En ce qui concerne les comptes détenus à l’étranger, que depuis le 1er janvier 2019, doivent être déclarés les références des comptes ouverts, détenus, utilisés ou clos à l’étranger ; la nouvelle rédaction de l’article 1649 A, issue de la loi n°2018-898 du 23 octobre 2018, étant la suite : "les personnes physiques, les associations, les sociétés n’ayant pas la forme commerciale, domiciliées ou établies en France, sont tenues de déclarer, en même temps que leur déclaration de revenus ou de résultats, les références des comptes ouverts, détenus, utilisés ou clos à l’étranger". Il résulte donc de cette nouvelle rédaction que les comptes n’enregistrant que l’inscription des intérêts des sommes en dépôt et le paiement de frais de gestion sont désormais au nombre des comptes devant être déclarés.

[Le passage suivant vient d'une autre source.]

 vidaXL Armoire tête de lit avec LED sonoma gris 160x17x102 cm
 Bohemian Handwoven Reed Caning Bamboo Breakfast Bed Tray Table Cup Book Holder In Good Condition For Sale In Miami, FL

Selon le BOI-CF-CPF-30-20 n° 85, les comptes financiers détenus à l’étranger, adossés à un compte ouvert en France et destinés à réaliser des transactions en ligne (achats ou ventes de biens), n’ont pas à être déclarés, sauf ceux sur lesquels des encaissements liés à des ventes excèdent 10.000 € par an.
En ce qui concerne les banques en ligne, dont les usagers peuvent ignorer que les comptes utilisés sont situés à l'étranger, l’administration estime qu'il ne peut être dérogé aux dispositions imposant la déclaration des comptes.
Il est à noter également qu’aux termes des dispositions de l’article L.188 du LPF, alinéa 2, les amendes fiscales sont prescrites à l’expiration de la 4ème année suivant celle au cours de laquelle les infractions ont été commises.
Lorsque les obligations déclaratives ne sont pas respectées, l’administration envoie au contribuable une lettre 751 ayant pour objet « Amendes pour non déclaration de comptes bancaires détenus à l’étranger ».
La lettre rappelle les dispositions des articles 1736-IV-2, 1649 A et 1649 A bis du CGI, celles des articles 344 A et 344 B de l’annexe III au CGI, celles de de l’article L.188 alinéa 2du LPF, et indique que le contribuable n’a pas rempli ses obligations déclaratives alors qu’il apparaît qu’il est bénéficiaire de comptes bancaires détenus étrangers.
La lettre indique le montant total de l’amende, en fonction du nombre de comptes en question, et précise au contribuable qu’à compter de la réception du document, il dispose d’un délai de trente jours pour présenter ses observations, conformément aux dispositions de l’article L80 D du livre des procédures fiscales, et que passé ce délai, et sauf acceptation des observations éventuelles, les majorations seront mises en recouvrement.
Il faut noter, pour finir, que l’article L 169, 5e al., du LPF fixe à dix ans, au lieu de trois ans dans le droit commun, le délai de reprise en cas de non-respect des obligations déclaratives prévues à l’article 1649 A du CGI. Toutefois, cette extension de délai ne s’applique pas lorsque le contribuable apporte la preuve que le total des soldes créditeurs de ses comptes à l’étranger est inférieur à 50.000 € au 31 décembre de l’année au titre de laquelle la déclaration devait être faite.